# DATA RECORDS
----
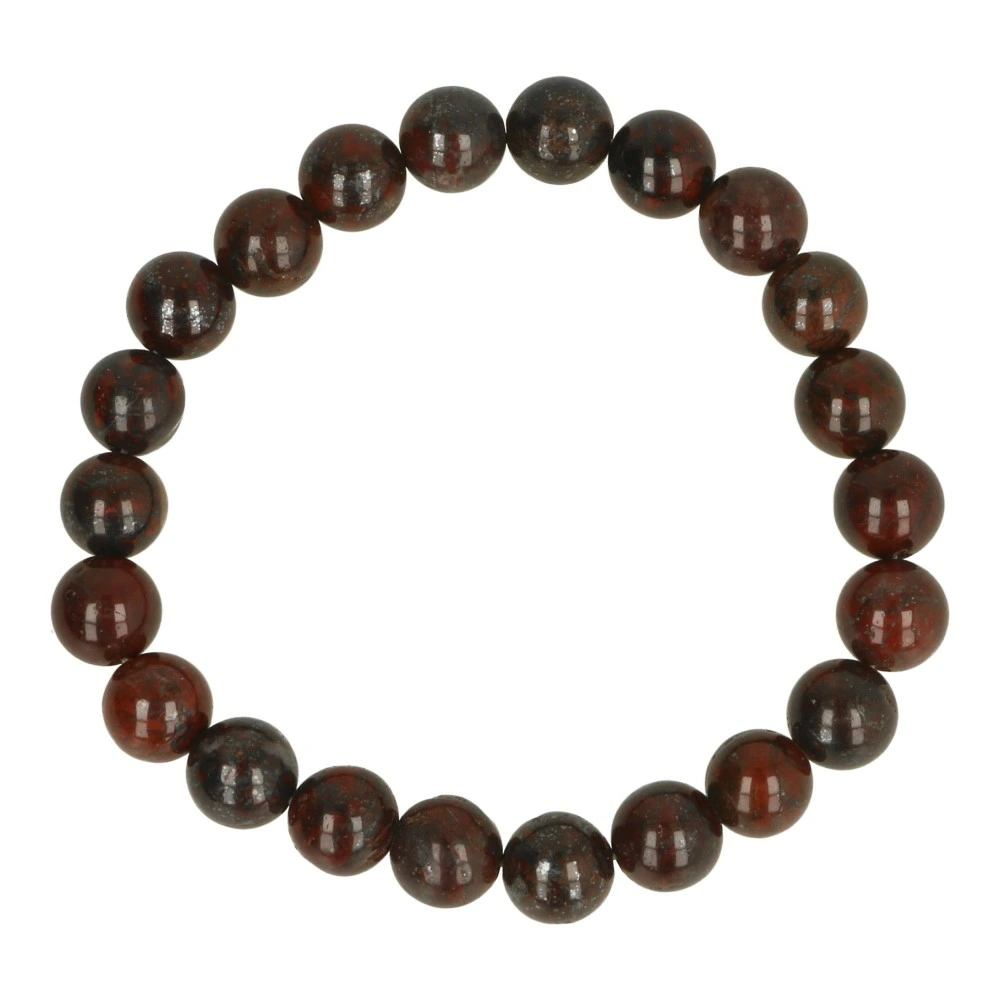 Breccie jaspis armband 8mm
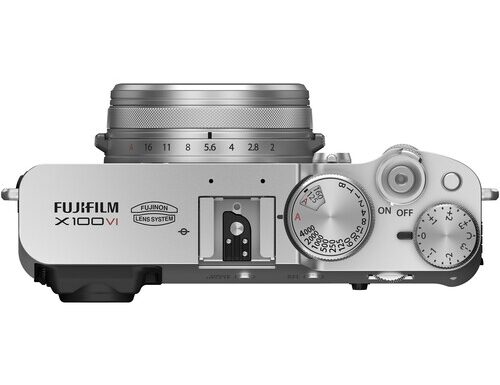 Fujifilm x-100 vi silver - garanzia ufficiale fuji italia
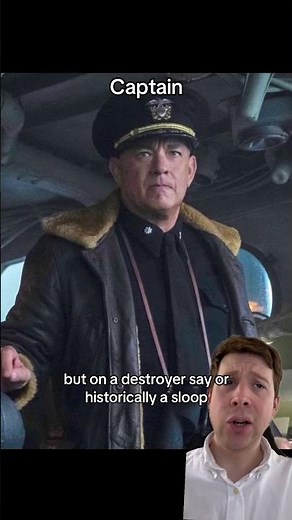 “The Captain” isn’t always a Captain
----
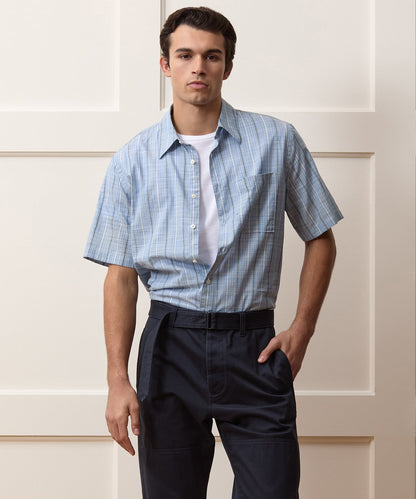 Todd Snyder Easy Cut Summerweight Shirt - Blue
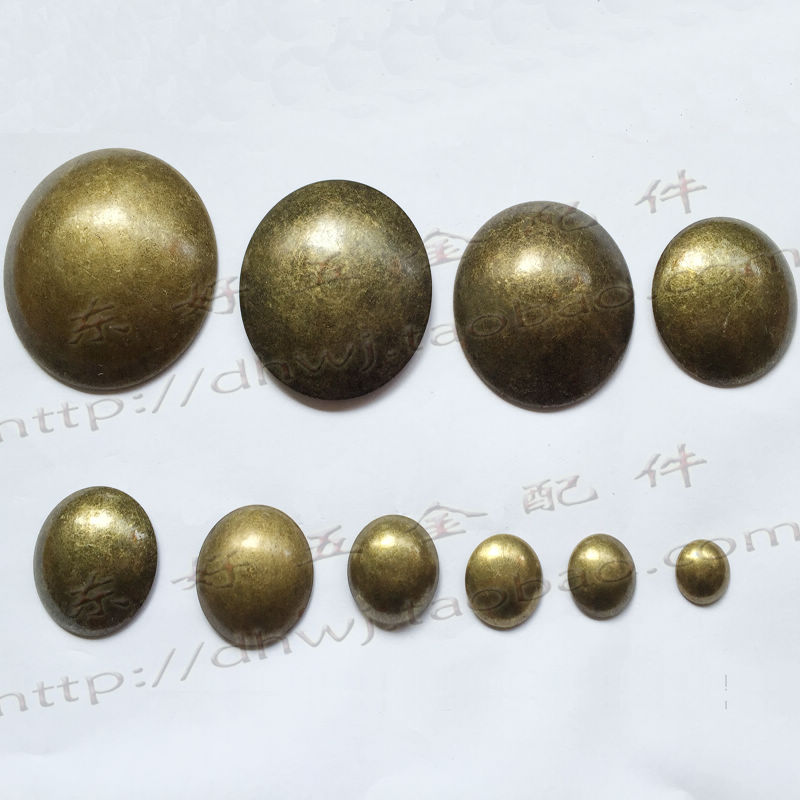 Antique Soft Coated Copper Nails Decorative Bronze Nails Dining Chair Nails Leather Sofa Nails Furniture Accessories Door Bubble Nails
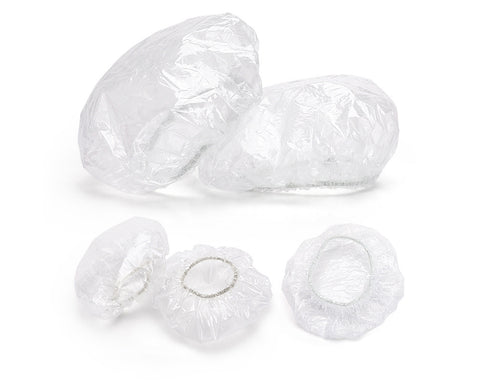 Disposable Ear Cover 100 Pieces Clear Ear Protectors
----
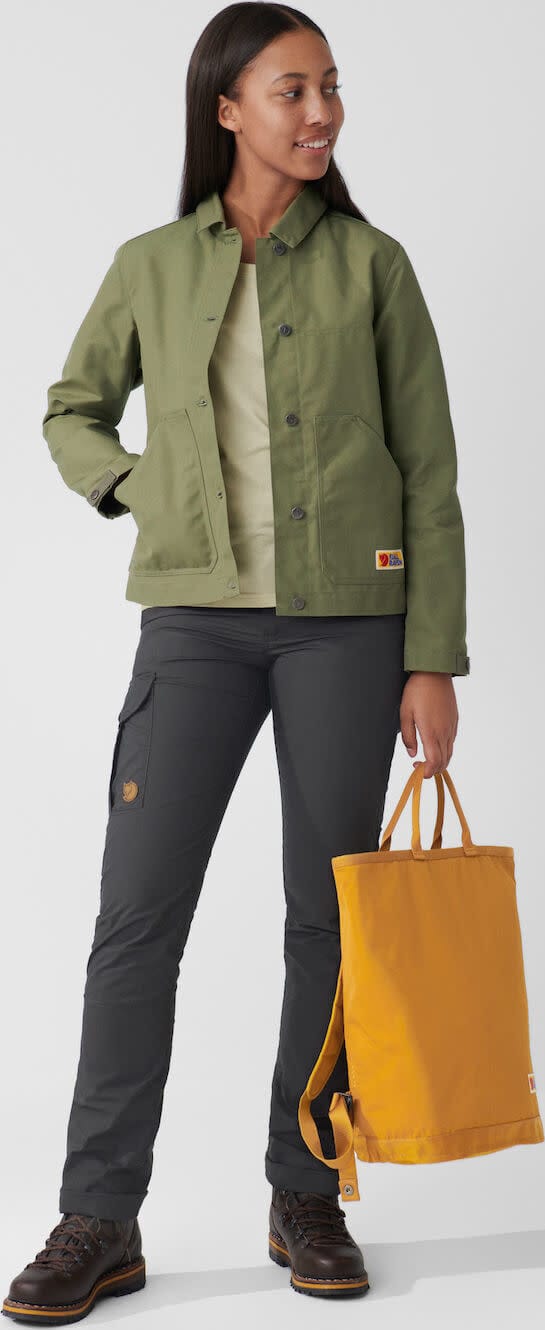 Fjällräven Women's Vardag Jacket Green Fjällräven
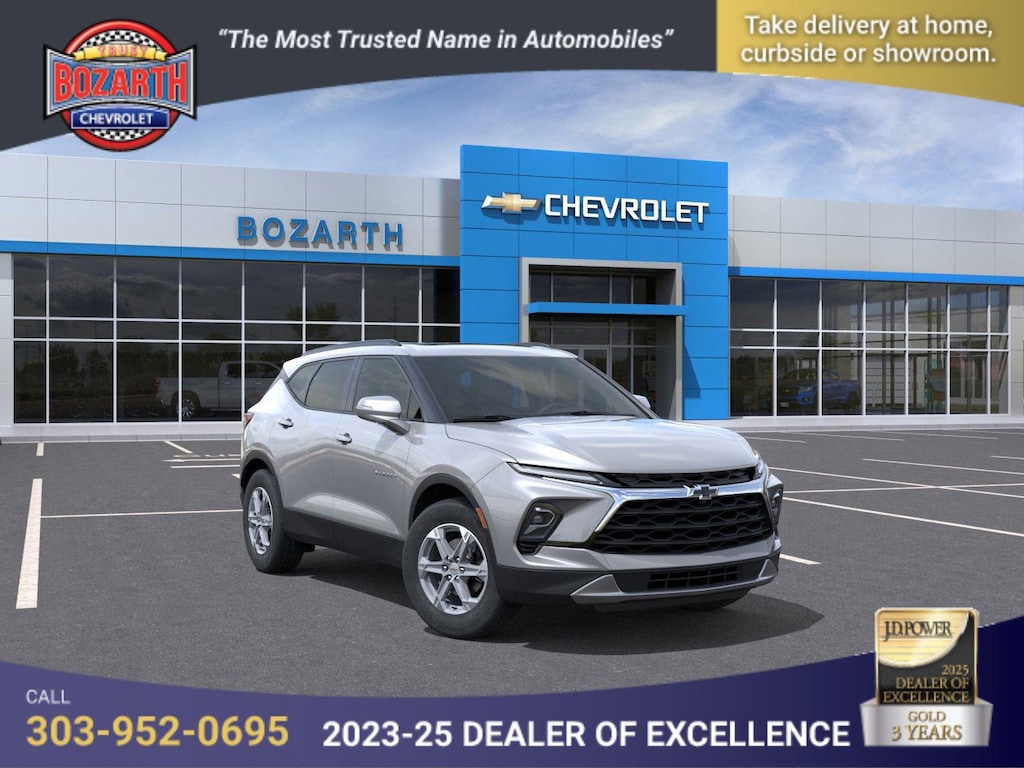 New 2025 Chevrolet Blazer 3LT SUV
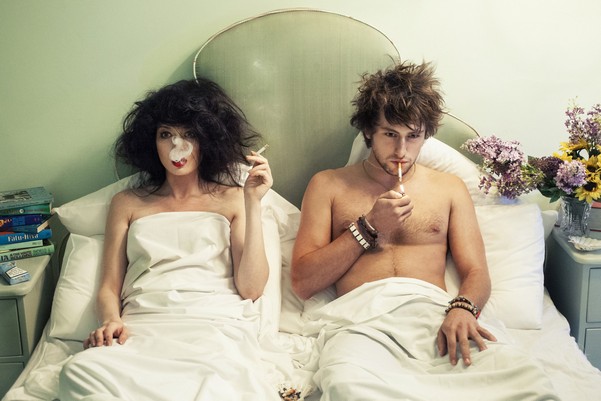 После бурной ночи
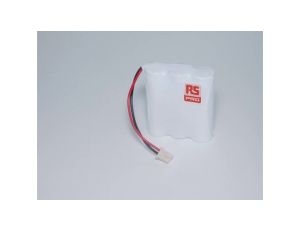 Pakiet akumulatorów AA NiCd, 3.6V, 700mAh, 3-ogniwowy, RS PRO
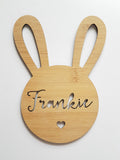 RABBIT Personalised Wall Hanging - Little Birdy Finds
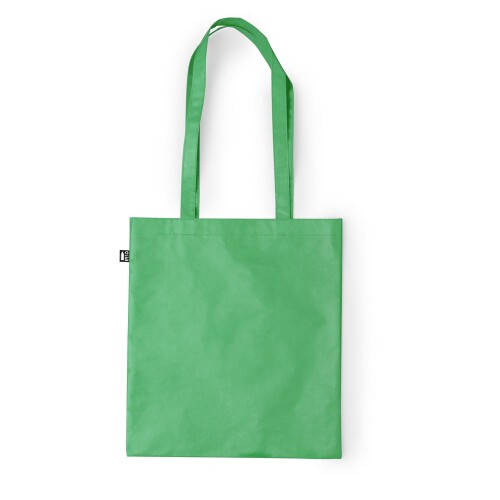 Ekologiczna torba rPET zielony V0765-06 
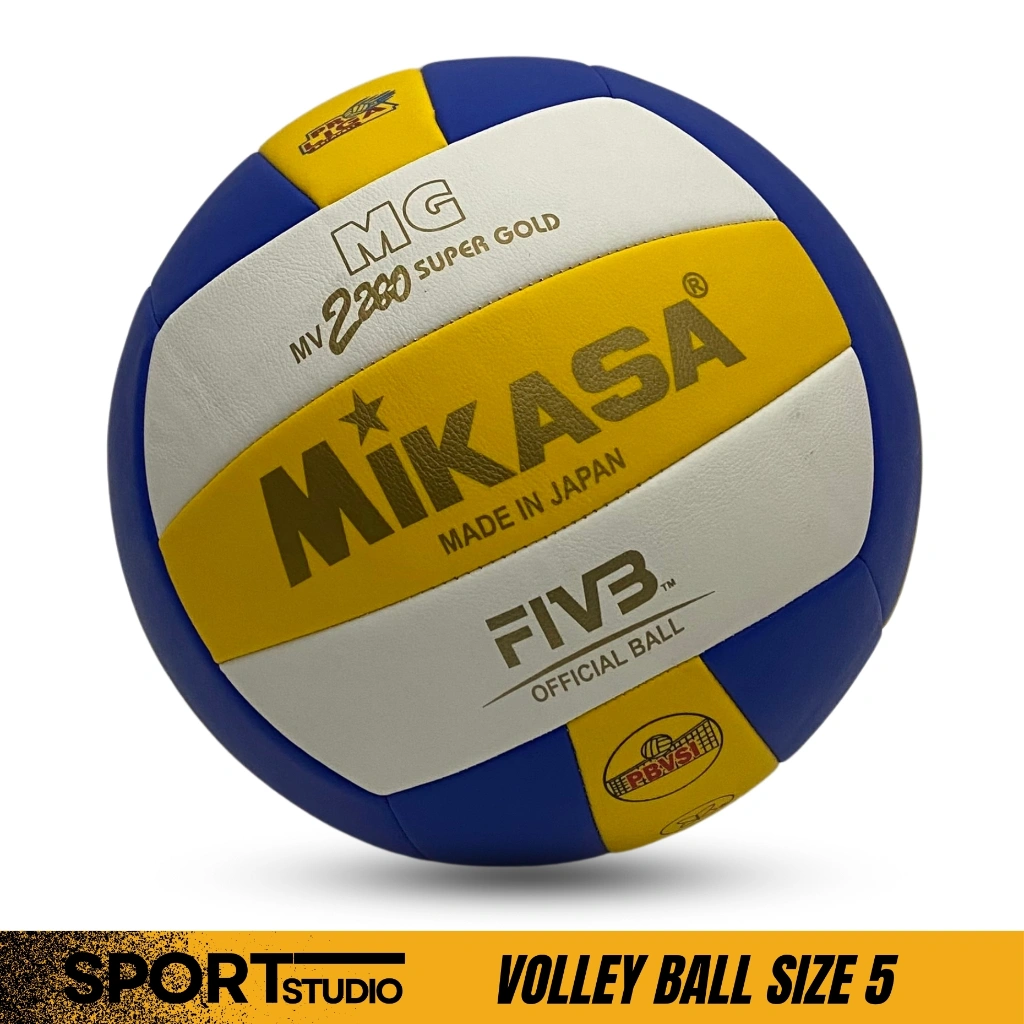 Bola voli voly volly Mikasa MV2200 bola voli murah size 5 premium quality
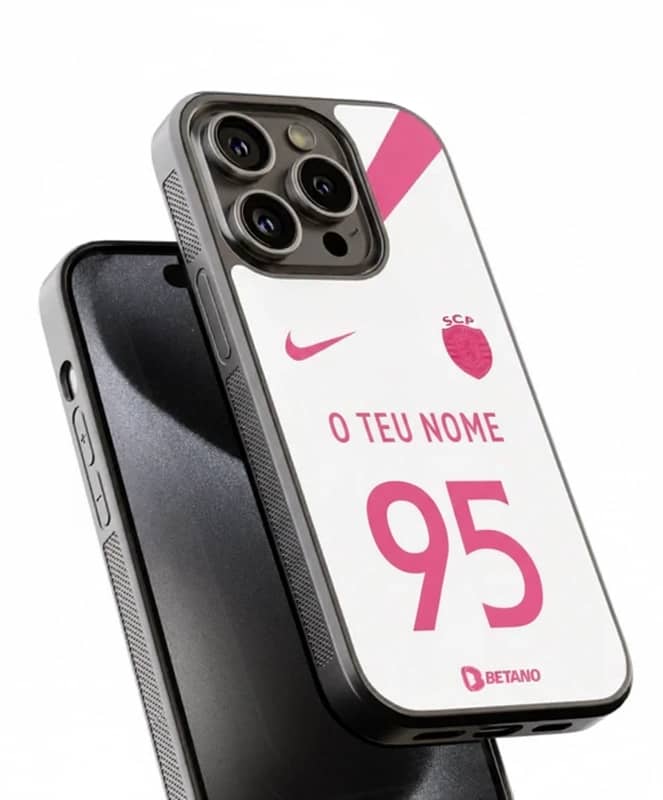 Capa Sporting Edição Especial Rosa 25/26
----
Print an exact copy of the lines above, from the one containing "Breccie jaspis armband 8mm" through the one containing "always a Captain", and leave out the pictures.

 Breccie jaspis armband 8mm
 Fujifilm x-100 vi silver - garanzia ufficiale fuji italia
 “The Captain” isn’t always a Captain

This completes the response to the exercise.